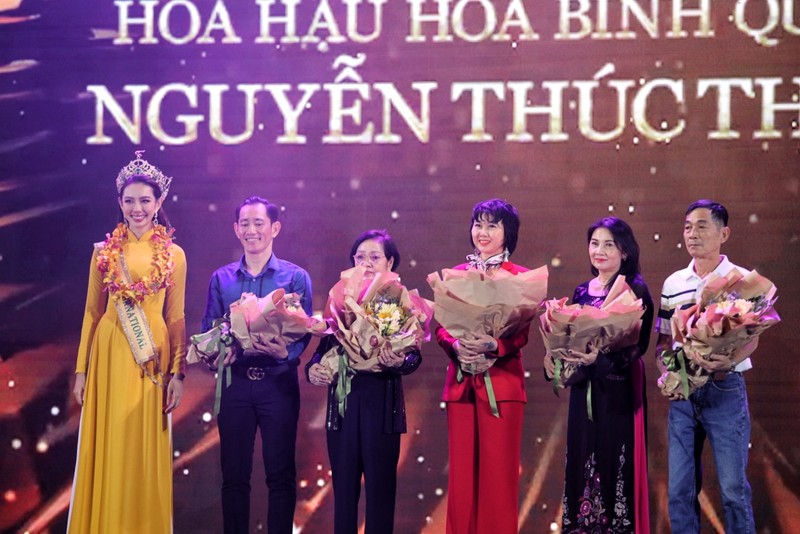 Hoa hậu Thuỳ Tiên bật khóc trước tình cảm của hàng ngàn khán giả tại SVĐ Phú Thọ - ảnh 7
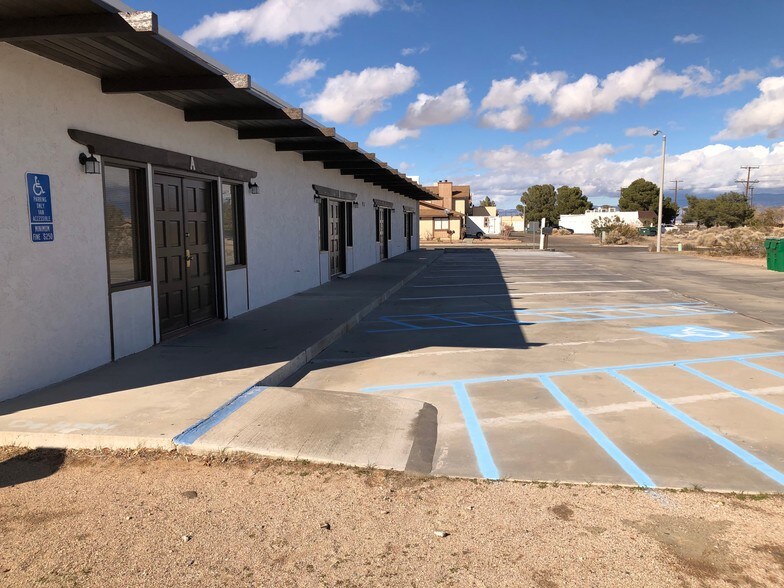 More Photos Of 913 Alene Ave, Ridgecrest Office For Sale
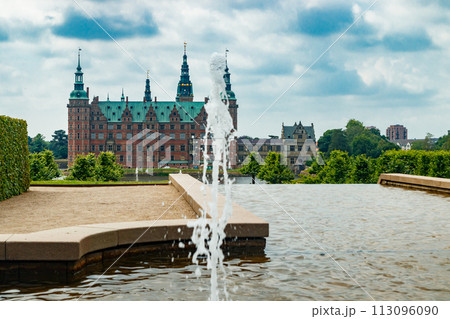 View of Frederiksborg castle with park in Hillerod, Denmark 113096090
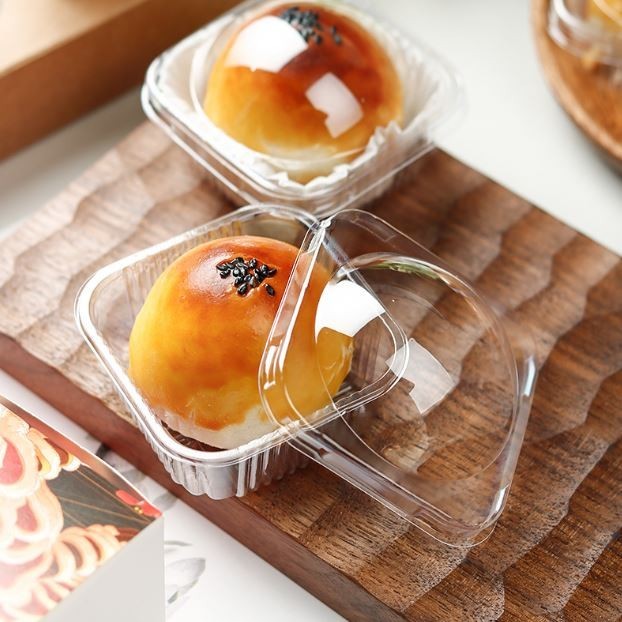 50pcs Transparent Round Snow Maiden Packaging Box Egg Yolk Crispy Plastic Mooncake Inner Tray Dessert 加厚圆形带盖月饼底托 (2999L)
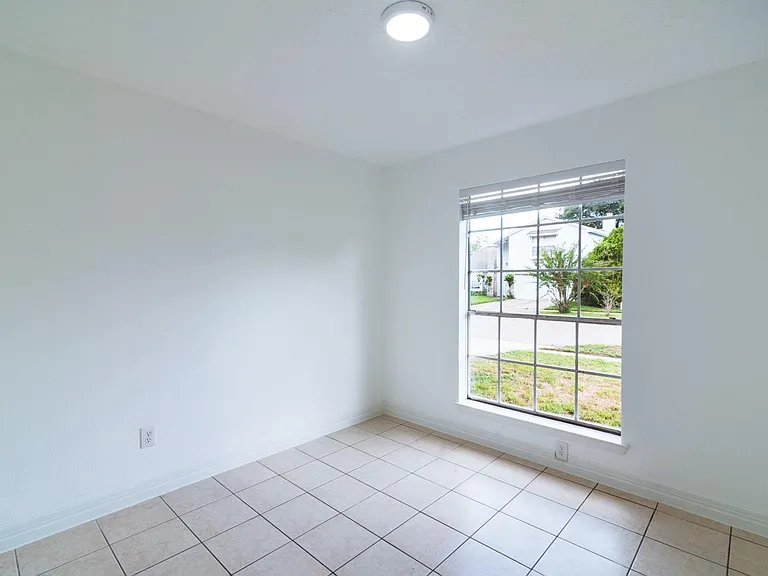 8602 Rockmont Ct — Photo 10
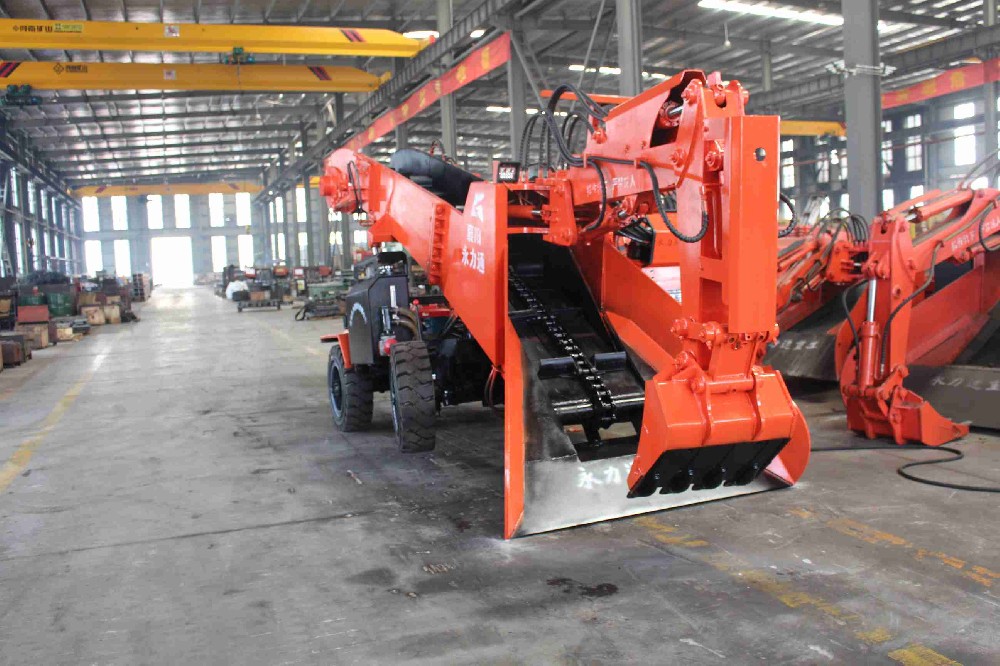 扒渣機(jī)界的性能天花板你聽說過這一款嗎
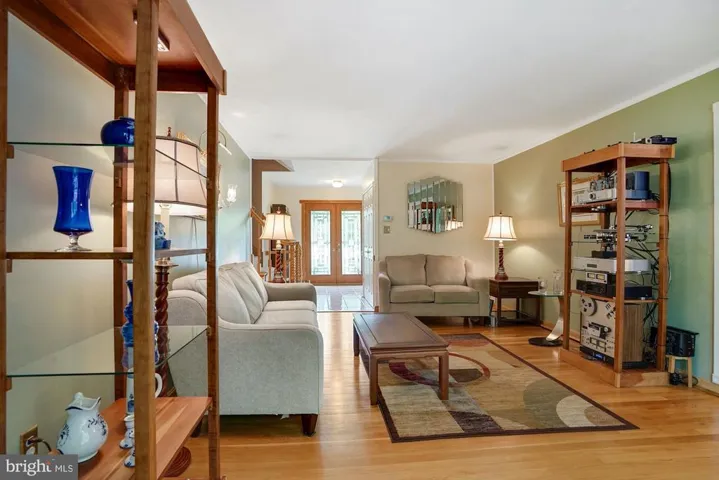 8703 Lothbury Ct, Fairfax, Virginia 22031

### [What is needed]
Reproduce, word for word, the lines from the one containing "View of Frederiksborg" through the final line above. Leave every picture out.

### [Exercise answer]
 View of Frederiksborg castle with park in Hillerod, Denmark 113096090
 50pcs Transparent Round Snow Maiden Packaging Box Egg Yolk Crispy Plastic Mooncake Inner Tray Dessert 加厚圆形带盖月饼底托 (2999L)
 8602 Rockmont Ct — Photo 10
 扒渣機(jī)界的性能天花板你聽說過這一款嗎
 8703 Lothbury Ct, Fairfax, Virginia 22031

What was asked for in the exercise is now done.